▶ _WHAT THE TASK ASKS_
The response should consist of the data below, copied exactly, with no pictures in it.

Top of EXERCISE DATA

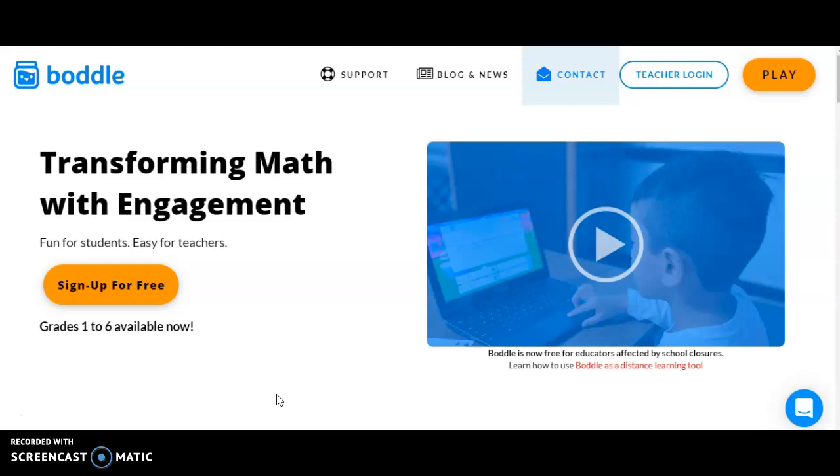It will track for me how many minutes you spend in the activities. That's kind of how we're going to do the amount of time. I want you to spend at least 15 minutes on the Bottle activities on Wednesdays. I'll go in and check and see if you were able to do so to figure in your class participation grade.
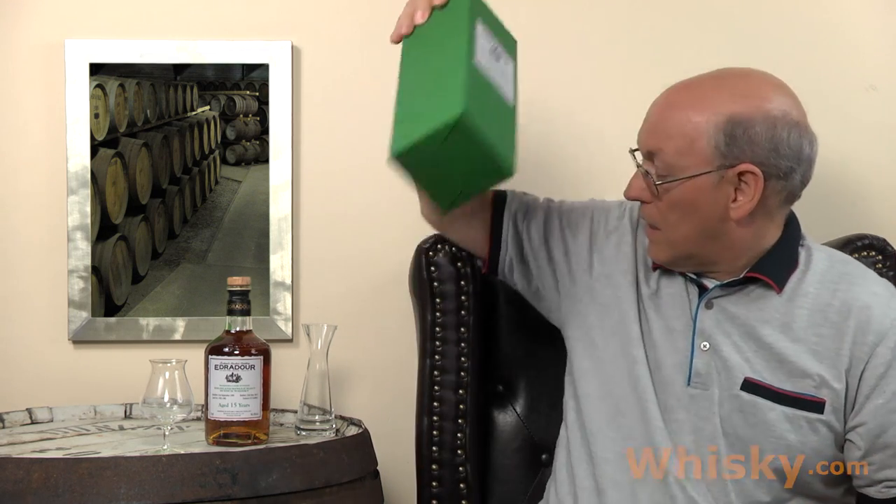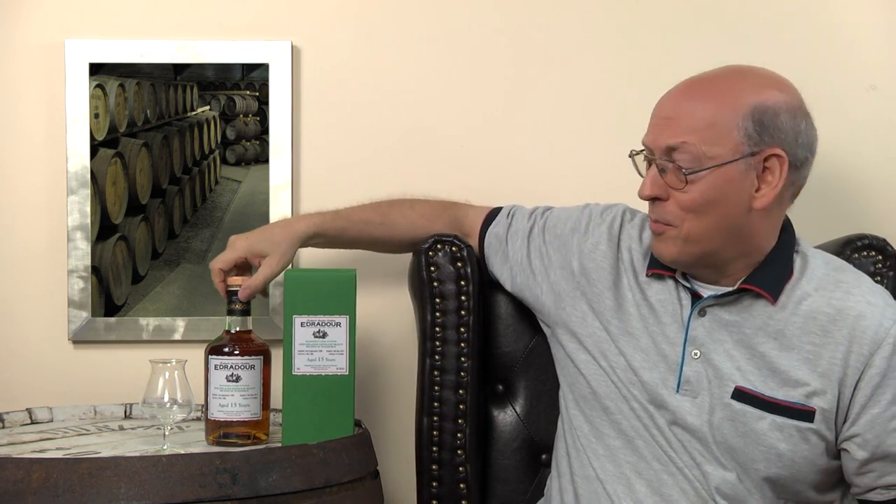Distilled September 21st 1999 and bottled on May 25th 2015. Casks two of them, 902 and 903. Outturn 472 bottles.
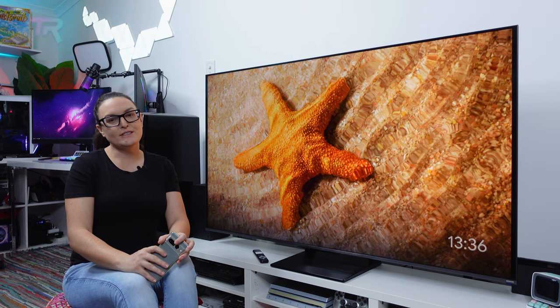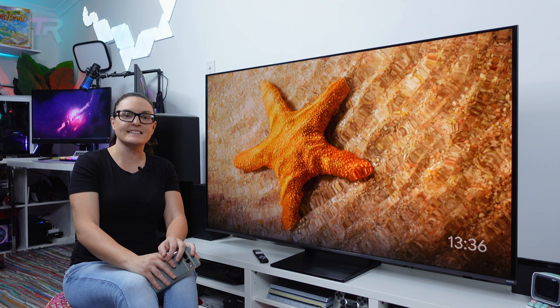Hey everyone, and welcome to the channel. Today we're going to be taking a look at TCL's C735 65-inch 4K QLED TV.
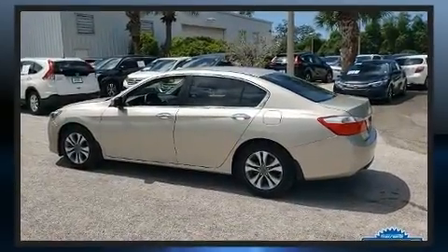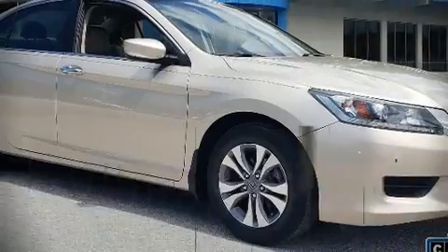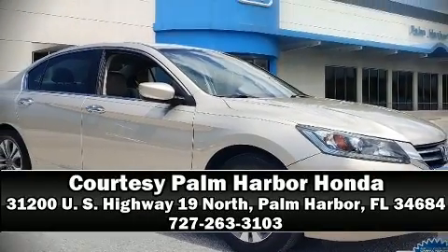Our experienced sales staff is eager to share its knowledge and enthusiasm with you. Call now to schedule a test drive.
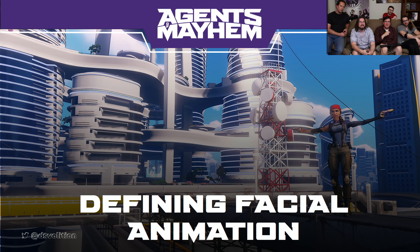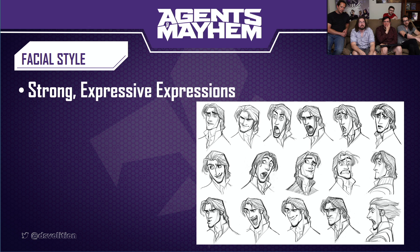Let's see what we can do to lean into style. What does 2D do that works here that we can maybe replicate? What this means was focusing on strong emotive personality expressions.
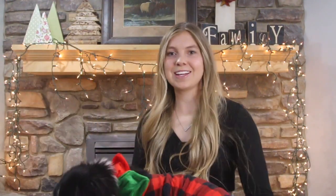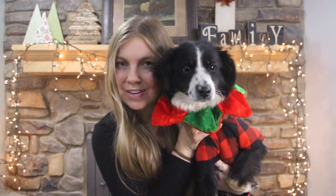Oh my goodness, look at this little pooch! Look at this — she is celebrating Christmas with us.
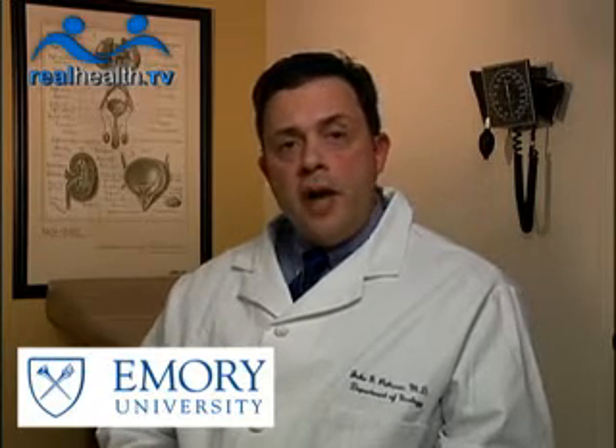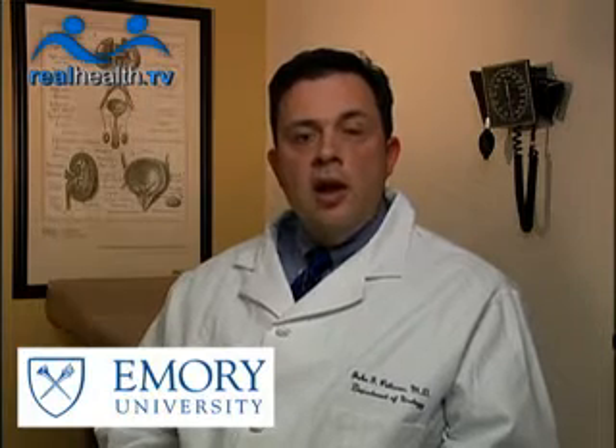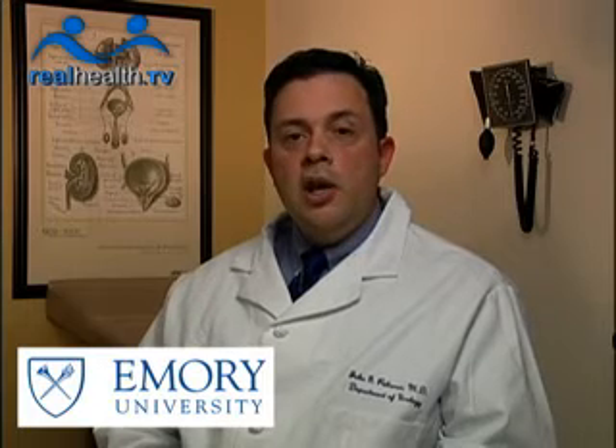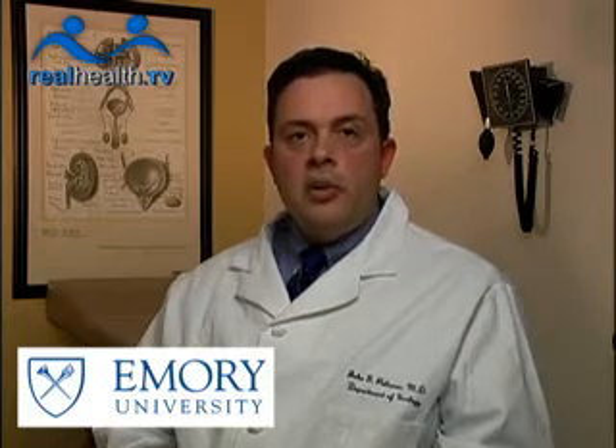Option number two is a scope therapy, and the scopes can either be placed in through the bladder or through the back. By placing these scopes, we can actually visualize the kidney stone, and through these little tiny fiber optic scopes, we can actually use other forms of lithotripsy, including lasers and hydraulic therapy and pneumatic therapy, which essentially means we break the stone under direct vision.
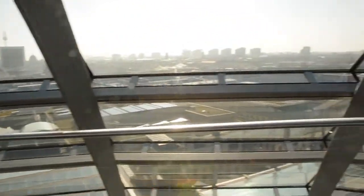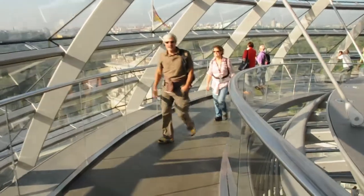Not only does the dome provide natural light to the chamber where the German government sits, but it's also an incredible place to get a great view of the city.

Bottom of EXERCISE DATA

▶ _RESPONSE BELOW_
It will track for me how many minutes you spend in the activities. That's kind of how we're going to do the amount of time. I want you to spend at least 15 minutes on the Bottle activities on Wednesdays. I'll go in and check and see if you were able to do so to figure in your class participation grade.
Distilled September 21st 1999 and bottled on May 25th 2015. Casks two of them, 902 and 903. Outturn 472 bottles.
Hey everyone, and welcome to the channel. Today we're going to be taking a look at TCL's C735 65-inch 4K QLED TV.
Our experienced sales staff is eager to share its knowledge and enthusiasm with you. Call now to schedule a test drive.
Let's see what we can do to lean into style. What does 2D do that works here that we can maybe replicate? What this means was focusing on strong emotive personality expressions.
Oh my goodness, look at this little pooch! Look at this — she is celebrating Christmas with us.
Option number two is a scope therapy, and the scopes can either be placed in through the bladder or through the back. By placing these scopes, we can actually visualize the kidney stone, and through these little tiny fiber optic scopes, we can actually use other forms of lithotripsy, including lasers and hydraulic therapy and pneumatic therapy, which essentially means we break the stone under direct vision.
Not only does the dome provide natural light to the chamber where the German government sits, but it's also an incredible place to get a great view of the city.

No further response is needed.